Use simplified compute node communication

An Azure Batch pool contains one or more compute nodes which execute user-specified workloads in the form of Batch tasks. To enable Batch functionality and Batch pool infrastructure management, compute nodes must communicate with the Azure Batch service.

This document describes forthcoming changes with how the Azure Batch service communicates with Batch pool compute nodes, the network configuration changes which may be required, and how to opt your Batch accounts in or out of using the new simplified compute node communication feature during the public preview period.

Important

Support for simplified compute node communication in Azure Batch is currently in public preview. This preview version is provided without a service level agreement, and it's not recommended for production workloads. Certain features might not be supported or might have constrained capabilities. For more information, see Supplemental Terms of Use for Microsoft Azure Previews.

Opting in is not required at this time. However, in the future, using simplified compute node communication will be required for all Batch accounts. At that time, an official retirement notice will be provided, with an opportunity to migrate your Batch pools before that happens.

Compute node communication changes

The Azure Batch service is simplifying the way Batch pool infrastructure is managed on behalf of users. The new communication method reduces the complexity and scope of inbound and outbound networking connections required in baseline operations.

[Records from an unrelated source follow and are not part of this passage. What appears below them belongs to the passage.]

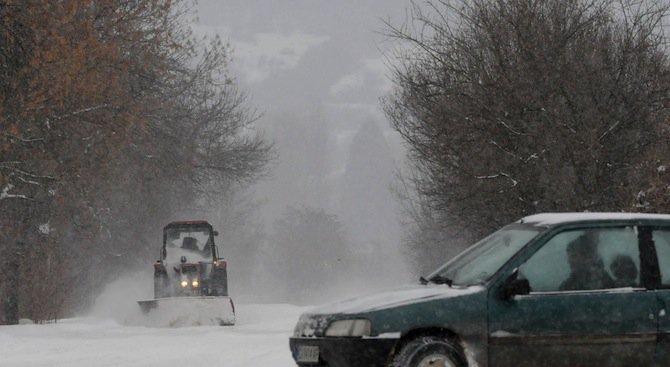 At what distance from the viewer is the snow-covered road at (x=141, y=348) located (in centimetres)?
1171

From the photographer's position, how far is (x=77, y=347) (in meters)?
14.0

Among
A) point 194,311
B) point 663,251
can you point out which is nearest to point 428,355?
point 663,251

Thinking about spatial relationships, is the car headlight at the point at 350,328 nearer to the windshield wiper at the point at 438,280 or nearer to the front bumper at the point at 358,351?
the front bumper at the point at 358,351

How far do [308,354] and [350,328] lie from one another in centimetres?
47

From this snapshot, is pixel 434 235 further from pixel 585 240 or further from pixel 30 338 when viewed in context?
pixel 585 240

Batch pools in accounts which haven't been opted in to simplified compute node communication require the following networking rules in network security groups (NSGs), user-defined routes (UDRs), and firewalls when creating a pool in a virtual network:

  • Inbound:

    • Destination ports 29876, 29877 over TCP from BatchNodeManagement.region
  • Outbound:

    • Destination port 443 over TCP to Storage.region
    • Destination port 443 over TCP to BatchNodeManagement.region for certain workloads that require communication back to the Batch Service, such as Job Manager tasks

With the new model, Batch pools in accounts that use simplified compute node communication require the following networking rules in NSGs, UDRs, and firewalls:

  • Inbound:

    • None
  • Outbound:

    • Destination port 443 over TCP to BatchNodeManagement.region

Outbound requirements for a Batch account can be discovered using the List Outbound Network Dependencies Endpoints API. This API will report the base set of dependencies, depending upon the Batch account pool communication model. User-specific workloads may need additional rules such as opening traffic to other Azure resources (such as Azure Storage for Application Packages, Azure Container Registry, etc.) or endpoints like the Microsoft package repository for virtual file system mounting functionality.

Benefits of the new model

Azure Batch users who opt in to the new communication model benefit from simplification of networking connections and rules.

Simplified compute node communication helps reduce security risks by removing the requirement to open ports for inbound communication from the internet. Only a single outbound rule to a well-known Service Tag is required for baseline operation.

The new model also provides more fine-grained data exfiltration control, since outbound communication to Storage.region is no longer required. You can explicitly lock down outbound communication to Azure Storage if required for your workflow (such as AppPackage storage accounts, other storage accounts for resource files or output files, or other similar scenarios).

Even if your workloads are not currently impacted by the changes (as described in the next section), you may still want to opt in to use simplified compute node communication now. This will ensure your Batch workloads are ready for any future improvements enabled by this model.

Scope of impact

In many cases, this new communication model will not directly affect your Batch workloads. However, simplified compute node communication will have an impact for the following cases:

  • Users who specify a Virtual Network as part of creating a Batch pool and do one or both of the following:
    • Explicitly disable outbound network traffic rules that are incompatible with simplified compute node communication.
    • Use UDRs and firewall rules that are incompatible with simplified compute node communication.
  • Users who enable software firewalls on compute nodes and explicitly disable outbound traffic in software firewall rules which are incompatible with simplified compute node communication.

If either of these cases applies to you, and you would like to opt in to the preview, follow the steps outlined in the next section to ensure that your Batch workloads can still function under the new model.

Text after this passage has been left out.